Holy shit! I'm completely floored.


----------



## Akrin (Mar 29, 2006)

Looks phenomenal.  

What are the scale lengths? I would assume the high A side is rather short (24"-ish?)


----------



## Apophis (Mar 29, 2006)

Incredible work, and the wood.... just amazing. I LOVE IT


----------



## JJ Rodriguez (Mar 29, 2006)

I think I speak for everyone when I say: 


Wow.


----------



## darren (Mar 29, 2006)

Is that whole instrument made from a single piece of wood? I can't see any join marks anywhere! Gorgeous guitar, man... that is really _really_ beautiful. And congratulations!

It's also great to see a luthier taking the time (or paying a photographer) to get proper _professional-looking_ shots of the guitar. It makes such a difference in projecting a professional image and instilling confidence in the product and the company. On a big-ticket item like a custom guitar, it's reassuring to at least have the perception that you're not some fly-by-night operation that will be out of business next week.


----------



## Karl Hungus (Mar 29, 2006)

I have to say, it looks great, but the body just looks odd. If I was ordering one, I'd have to have it mammoth in proportions!


----------



## Leon (Mar 29, 2006)

beautiful! however, i can't seem to locate the output jack 
is it hiding?


----------



## Drew (Mar 29, 2006)

Pure sex. 

Ditto on the output jacks - the strap pin, perhaps, or is this just so metal that it communicates directly with your amp with no need for a patch cord? Cause, I mean, I'd believe you if you said it was.


----------



## VforVendetta00 (Mar 29, 2006)

what are prices looking like?


----------



## Pauly (Mar 29, 2006)

ZING!


----------



## David (Mar 29, 2006)

Is it wrong if I have a boner right now?


Damn that's nice. Great job dpm!


----------



## WayneCustom7 (Mar 29, 2006)

Wow that is amazing...can we get production pics, I love those...now what does something like that cost?


----------



## Papa Shank (Mar 29, 2006)

VforVendetta00 said:


> what are prices looking like?


I think Dan is still charging in and around $2,000USD for now (at least the last I knew it was that).


----------



## Nik (Mar 29, 2006)

Damn  Just what I need, more stuff to GAS over...

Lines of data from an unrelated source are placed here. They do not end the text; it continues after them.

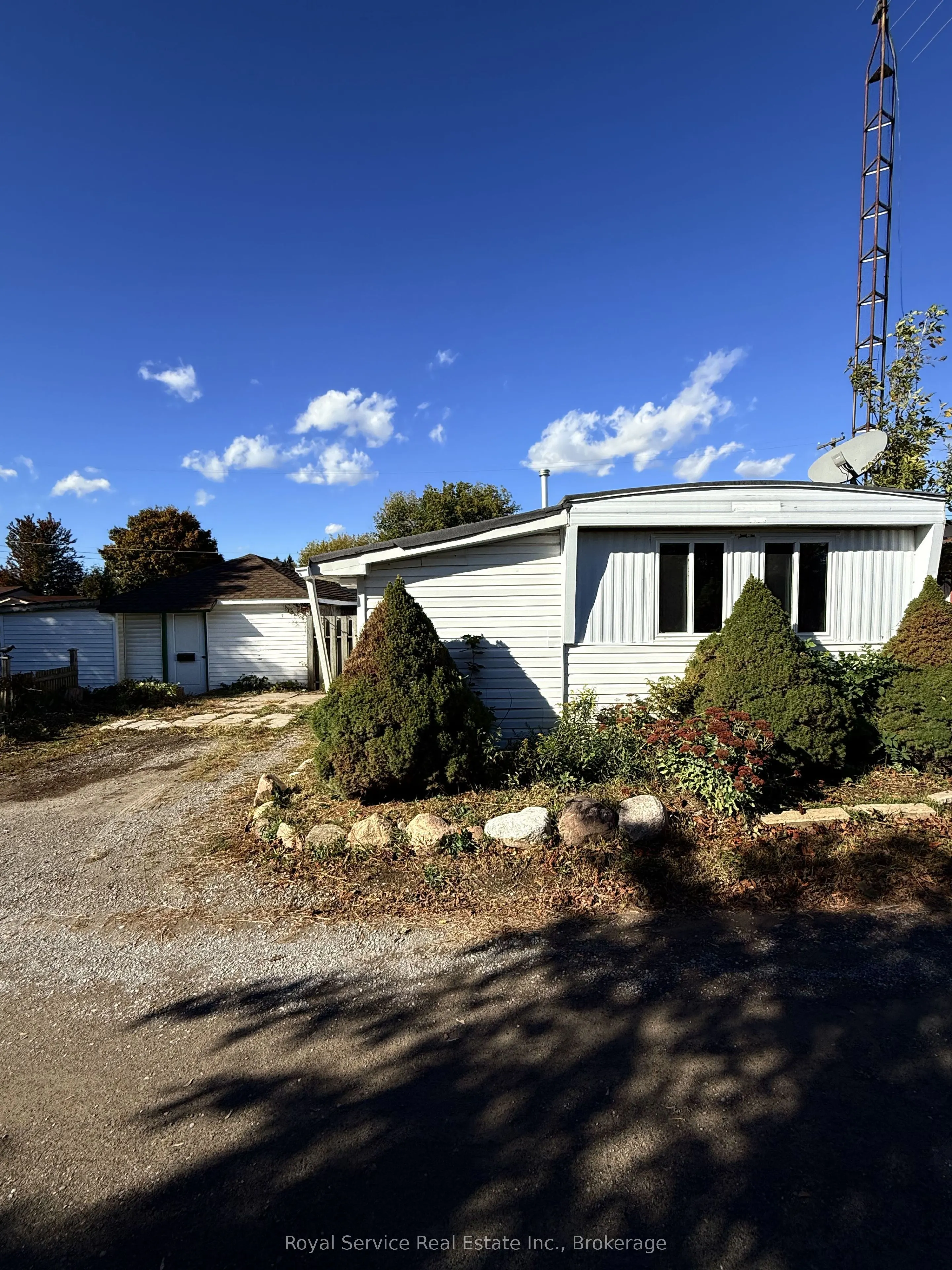 1037 Arthur Street #2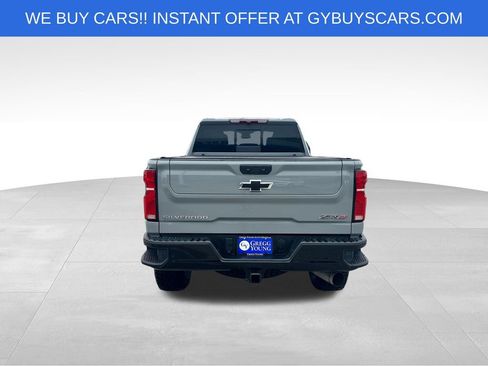 Used 2025 Chevrolet Silverado 2500 ZR2 AWD/4WD image 3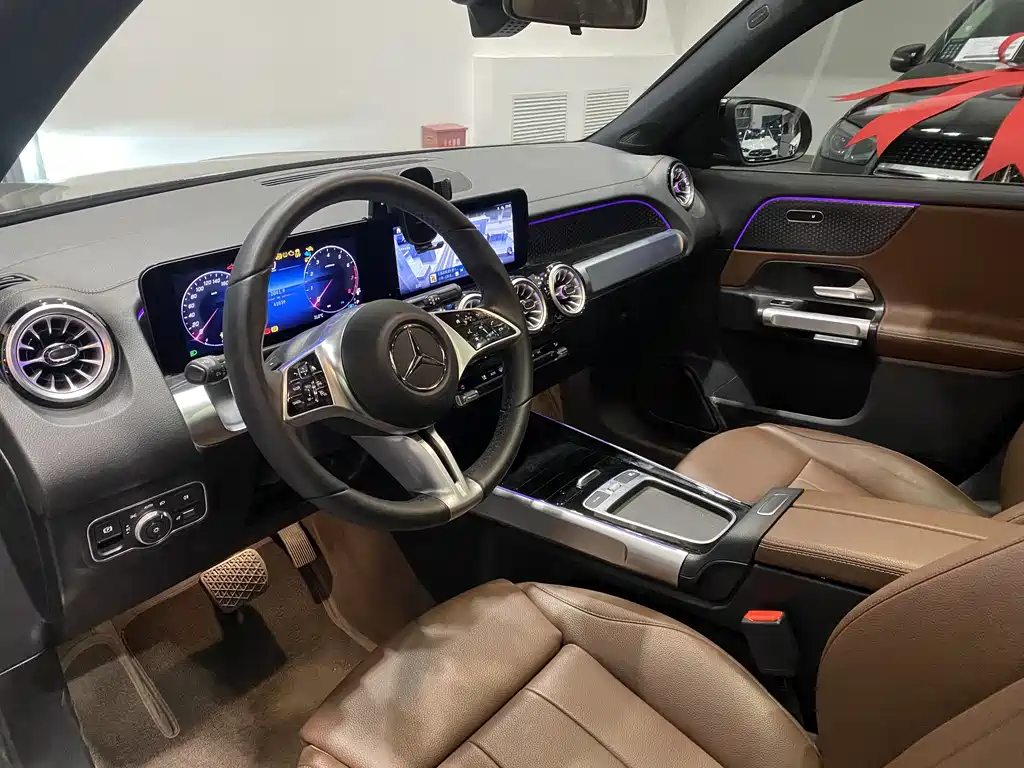 Mercedes-Benz GLB 2024 facelift GLB 220 dynamic model купить на сайте DeffCars
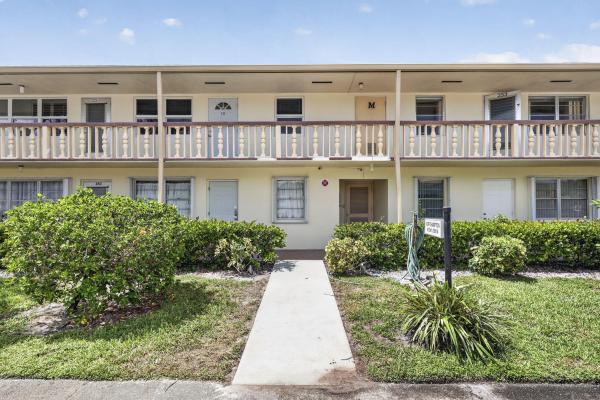 253 Northampton M, West Palm Beach, Florida 33417, image 3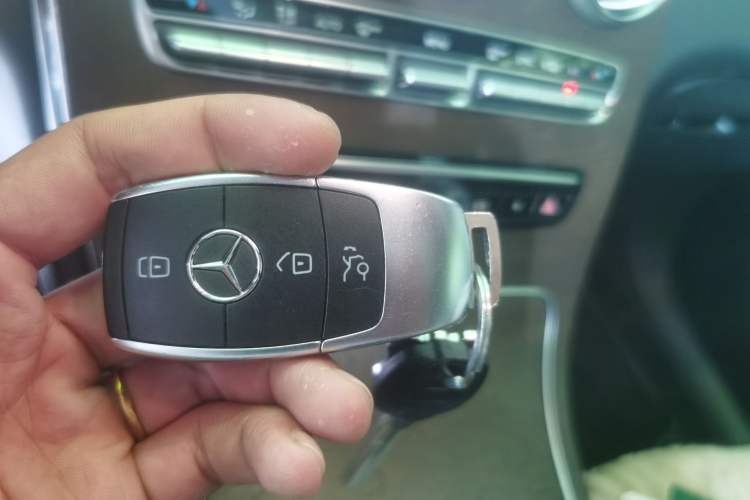 Used Mercedes-Benz GLC 2020 GLC 260 L 4MATIC Luxury Model Interior 1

You know, I wasn't a huge fan of those sketches you posted a while back, but now that I see one finished (with a different body shape, too...) I must say that's absolutely gorgeous. God, I love the look of a small body paired with an 8-string neck... I'm definitely gonna be getting one of these.

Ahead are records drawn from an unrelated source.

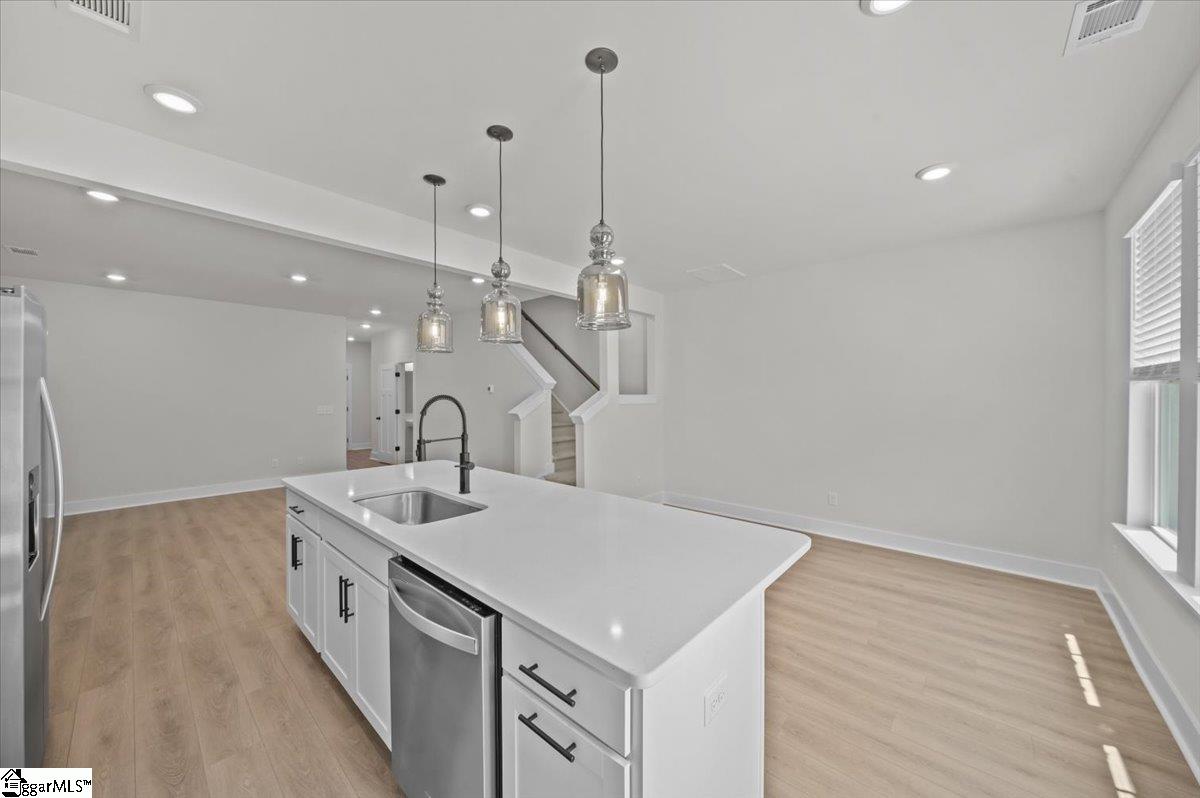 537 W Norvell Court Spartanburg, SC 29307
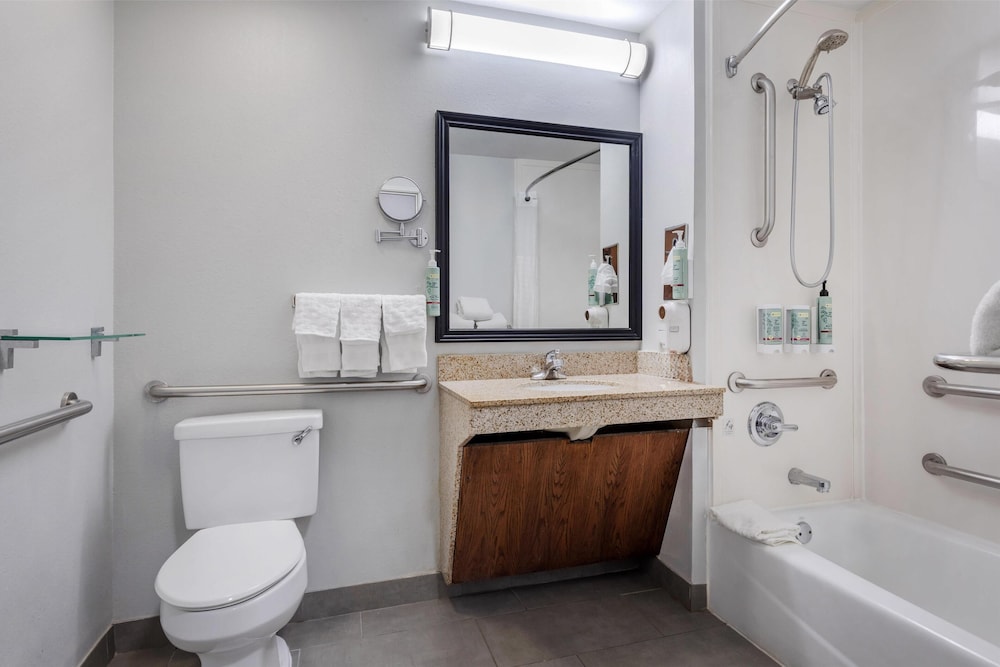 Standard Room, 2 Queen Beds, Accessible, Refrigerator & Microwave - Photo 4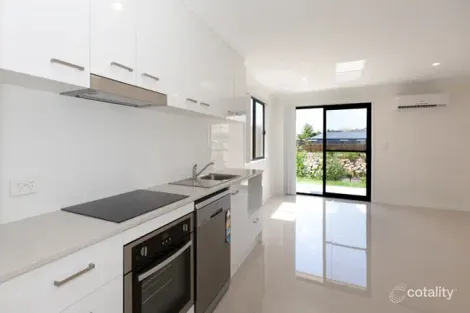 Property photo of 2/51 Pepper Tree Drive Holmview QLD 4207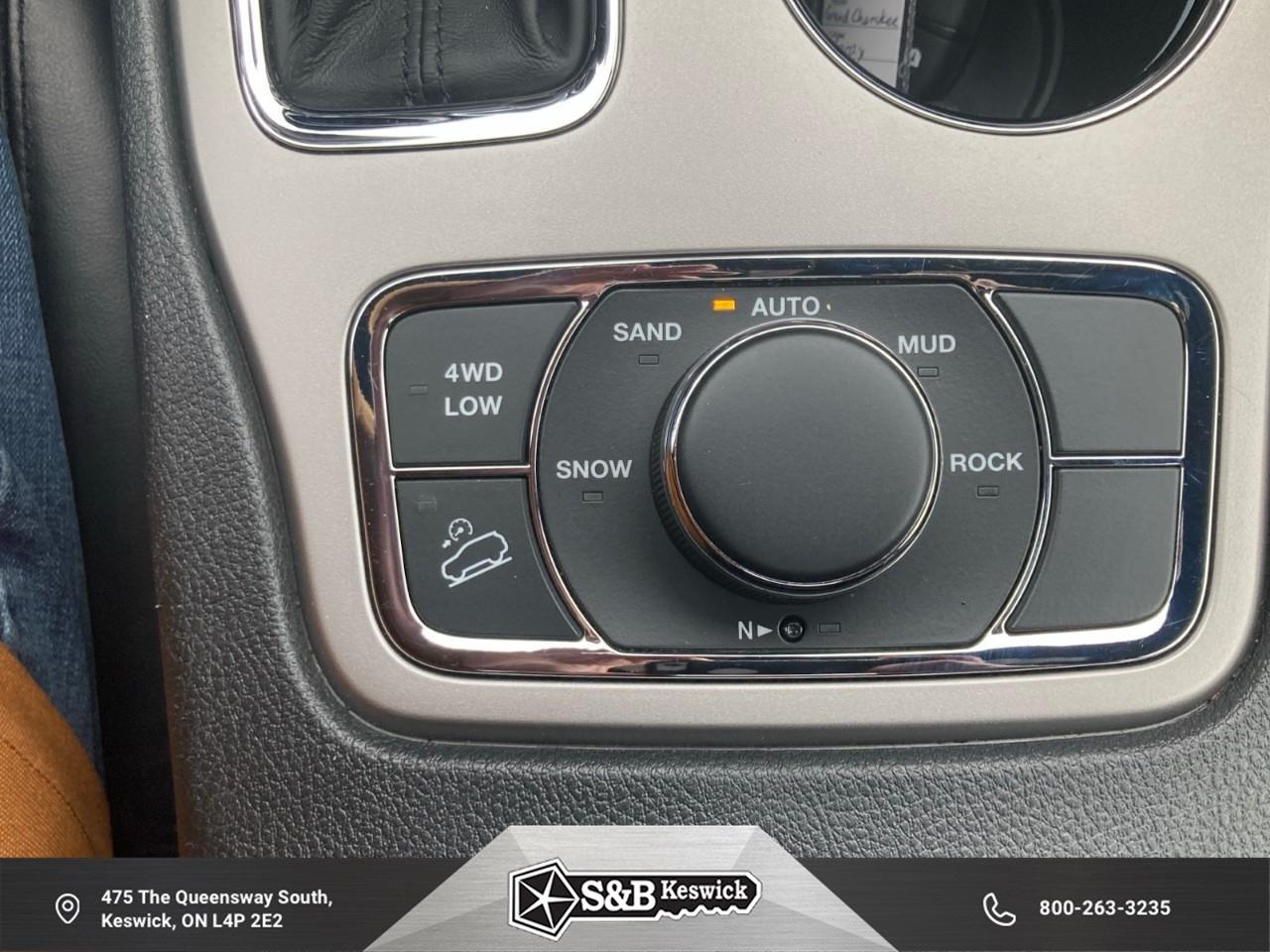 2019 Jeep Grand Cherokee Laredo 4dr 4x4 Photo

My only turn-off for it is the fanned frets and the fact that it has a high A instead of a low F#. Is stuff like this gonna be negotiably when you start selling these?

Also, where's the pick-up selector switch?


----------



## NewArmyGuitar (Mar 29, 2006)

That thing looks great!


----------



## Metal Ken (Mar 29, 2006)

Nik said:


> My only turn-off for it is the fanned frets and the fact that it has a high A instead of a low F#. Is stuff like this gonna be negotiably when you start selling these?



those are the things that draw me to it more. lol



Leon said:


> beautiful! however, i can't seem to locate the output jack
> is it hiding?


i _THINK_ that its like a Universe output jack, but i could be wrong.


----------



## Roland777 (Mar 29, 2006)

Muuurrrgghhh! I want to play one of these!  If only I could play a fanned fret guitar so I could know whether I could cope with fanned frets... Then I'd probably start saving for an Oni right now! How does the neck feel on that one, Dan? Should I sometime order one from you, could you get it as close to an Ibanez Wizard 7 profile as possible?


----------



## Donnie (Mar 29, 2006)

OMG! That is awesome! Good job.


----------



## noodles (Mar 29, 2006)

Hot damn, that thing looks sweet as hell! 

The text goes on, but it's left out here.